This happens because larger buddies are harder to preserve over time. Long-lived allocations, pinned pages, and mixed mobility patterns break memory into smaller islands. A machine with plenty of free pages can still lack a free order-9 or order-10 block.

Common sources of fragmentation pressure include:

  • long-lived page pinning
  • DMA-heavy workloads
  • transparent huge page demands
  • complex device and memory hotplug environments
  • workloads that mix movable and unmovable pages densely

This is why /proc/buddyinfo is more honest than a generic "free memory" graph when the question is high-order allocation health.

Stage 14: Reclaim Tries to Recover Memory Before Failure

When memory pressure rises, Linux does not immediately admit defeat. It first tries reclaim. Reclaim is the process of finding memory that can be freed or repurposed, such as:

  • clean page-cache pages that can simply be dropped
  • dirty cache pages that can be written back and then freed
  • anonymous pages that can be swapped
  • shrinkable kernel caches

Two important forms exist:

  • background reclaim, commonly through kswapd
  • direct reclaim, where the allocating task itself gets dragged into reclaim work

Direct reclaim is one reason systems under memory pressure can feel sluggish. A task that wanted memory for its real work now spends time scanning LRUs, writing pages back, or waiting on reclaim-related activity.

Useful observation tools:

vmstat 1

Fields such as si, so, and other VM counters help show whether the machine is reclaiming and swapping aggressively.

Stage 15: Slab Shrinkers Pull Back Cached Kernel Objects

Because the kernel caches lots of small objects, reclaim also needs a way to reduce slab-backed populations. Subsystems provide shrinkers so the VM can ask:

  • can you give back some cached dentries
  • can you reduce inode cache pressure
  • can you drop reclaimable metadata objects

This is one reason a huge dentry cache is not automatically bad. The right question is not "is this cache large". The right question is "does it shrink when the machine needs the memory".

This is also why total slab growth can be healthy during active workloads. Caches speed the system up. The VM layer only pushes them down when there is a better use for the memory.

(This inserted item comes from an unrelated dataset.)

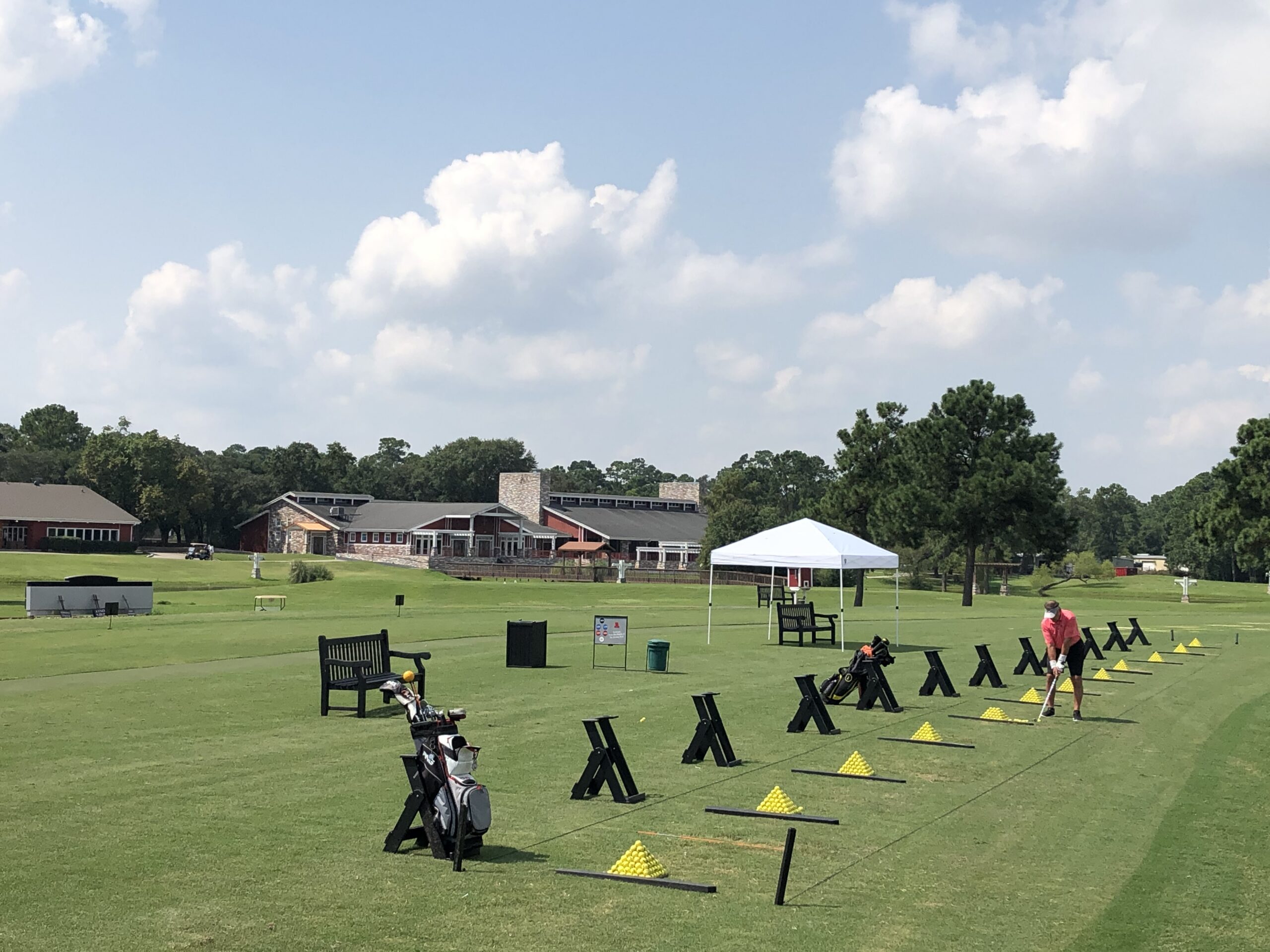 View of the driving range featuring a row of stands and accompanying pyramids of golf balls, ready to hit.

Stage 16: Compaction Tries to Rebuild Larger Extents

Reclaim frees pages. Compaction moves pages around to create larger contiguous free blocks.

Suppose a high-order allocation wants 512 contiguous pages. The machine may have enough total free memory, but in little islands. Compaction:

  • isolates movable pages
  • migrates them elsewhere
  • tries to pack free space together
  • rebuilds larger contiguous buddies

This is expensive work. It requires:

  • identifying which pages are movable
  • copying content
  • updating references and mappings
  • avoiding pinned or unmovable pages

Compaction can help transparent huge pages, large page-cache needs, and some driver or allocator demands. It cannot perform miracles if too much memory is pinned or fragmented in hostile ways.

If compaction repeatedly fails, large-order allocations stay unreliable even while order-0 pages remain available.

Stage 17: Transparent Huge Pages Depend on the Same Story

Transparent Huge Pages are a useful example because they connect virtual memory performance to physical allocation realities. A huge page often wants a larger contiguous backing extent. If the machine is fragmented, THP allocation may fail or require more compaction effort.

This is one reason allocator health affects performance beyond simple "out of memory" events. Fragmentation can change:

  • TLB behaviour
  • CPU overhead in memory-heavy workloads
  • latency due to compaction
  • success rate of large mappings

The allocator is not just a correctness mechanism. It shapes runtime performance.

Stage 18: DMA and CMA Make Physical Layout Matter More

Some drivers need memory with extra constraints:

  • physically contiguous
  • DMA-addressable in a specific range
  • with alignment rules

This is where zones and features like CMA, contiguous memory allocator reserves, become especially relevant. A driver may fail not because memory is exhausted globally, but because the kind of memory it needs has become hard to satisfy.

This is common in:

  • graphics
  • cameras
  • media pipelines
  • embedded systems
  • some network devices

The allocator problem then becomes a topology problem, not just a capacity problem.

Stage 19: What Page Allocation Failures Are Really Telling You

A page allocation failure log might mention:

  • order
  • GFP mask
  • zone information
  • reclaim attempts
  • compaction state

A stylised example:

page allocation failure: order:9, mode:0x140c0c0(GFP_KERNEL|__GFP_COMP), nodemask=(null)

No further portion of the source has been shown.